Шон беззаботно смеется. Ему непривычно, но он меня совсем не боится. Делает, как говорю, а, вернувшись, валит на кровать и прижимает к матрасу. Даже не целует, просто обнимает покрепче.
— Пауки — звучит интересно.
— Я их боюсь, — признаю и устраиваюсь поудобнее. — А чего боишься ты?
Шон утыкается носом куда-то за ухо, сопит.
— Наверное, одиночества. Или скуки. Думал об этом, но к конкретному решению так и не пришел. Остальное или поправимо, или победимо.
— Эм… Так ты за мой счет от обоих страхов избавляешься? — притворно возмутившись, я принимаюсь щекотать Шона. — Так не честно!
Он резво откатывается в сторону, громко хохоча.
— Конечно! Я старик расчетливый! — веселится он, уворачиваясь.
Я сам не замечаю, как оказываюсь сидящим на его бедрах и пытающимся зажать обе его руки над головой.
— Хватит называть себя старикам!
— Слушаюсь, мой господин, — Шон мурлычет как заправский кот и напрягает ноги, приподнимая меня. Он выглядит расслабленным и донельзя довольным. Раскрасневшийся от нашей забавы, Шон чертовки соблазнителен.
Не выдержав, подаюсь вперед, целую губы, забираясь ладонями под майку.
— Так-то лучше, — признаю я. Шон прикрывает глаза, балдея. Шепчу на выдохе: — С тобой не уснешь.
— И чем я тебе мешаю спать? — тихо спрашиваю, прикусывая мочку уха. — Я же не шумлю….
— Знал бы, что ты такой проказник, — шумно выдыхает. Ладони на моих плечах, спускаются по спине к пояснице, — начал бы преследовать гораздо раньше.
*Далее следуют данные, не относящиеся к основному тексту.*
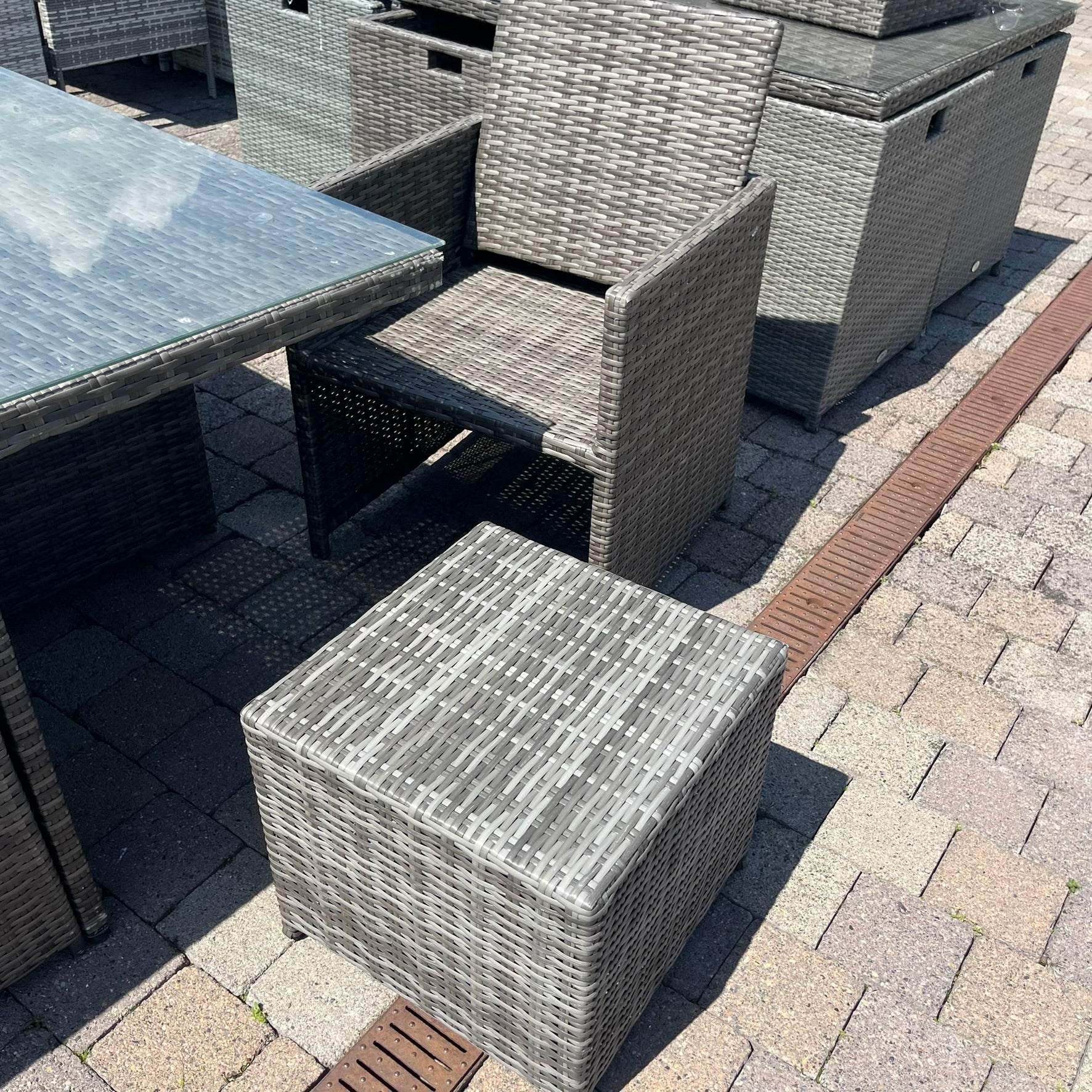 6 Seater Cube - Clearance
Прижимаюсь, послушно подставляясь под руки и мягко целуя в подбородок. Говорить уже совсем не хочется, возбуждение вновь заставляет искать близости, чуть тереться о Шона, трогать великолепное тело.
Шон плавно переворачивается, теперь на спине я, а он нависает, гладит бока, целует в ответ шею. Большой, сильный, надежный… Хочется верить, что я не ошибаюсь вновь.
Обнимаю его ногами, откровенно открываясь, потирая ступнями икры Шона, словно прося не останавливаться. Притягиваю его к себе, ищу губами губы и, найдя, довольно постанываю.
Он задирает футболку, ногти царапают живот, мне трудно дышать. Шон нетороплив, его поцелуи чувственные, проникновенные, хочется утонуть в этой ласке и растворится, чтобы вновь вернуться, но уже кем-то другим. Слащаво, приторно, банально… Вот только у меня чувство, будто мы занимаемся любовью.
Я с трудом дышу, мне мало, слишком медленно и, не выдерживая, я все же спрашиваю, чуть хрипло и недовольно:
— Ты издеваешься? Слишком медленно….
Задираю, стягиваю с него майку.
— О, горячка юности, — улыбается Шон. И шепчет, вмиг став серьезным. — Я покажу тебе бесконечную пытку, когда удовольствия столько, что хочется расплакаться и умереть.
Он ловит мои руки, подносит к губам ладонь и творит что-то невероятное языком и губами. У меня сосет под ложечкой, а волоски на теле встают дыбом.
Я шумно втягиваю воздух, пытаюсь отобрать ладонь, мне слишком много или слишком мало — не пойму.
— Шон… Ну, пожалуйста… — сам не понимаю, о чем прошу, выгибаюсь и прижимаюсь пахом к его паху. — Ну же…
Он упирается рукой в грудь, будто отталкивает. Накатывают страх и паника, мысли сменяются настолько быстро, что я не успеваю их понять. Шон тянется за рукой следом, очередной волнительный поцелуй, и он приспускает с меня штаны. Когда пальцы касаются члена сквозь трусы, я едва не кончаю, подаюсь вперед, стараясь усилить ощущения.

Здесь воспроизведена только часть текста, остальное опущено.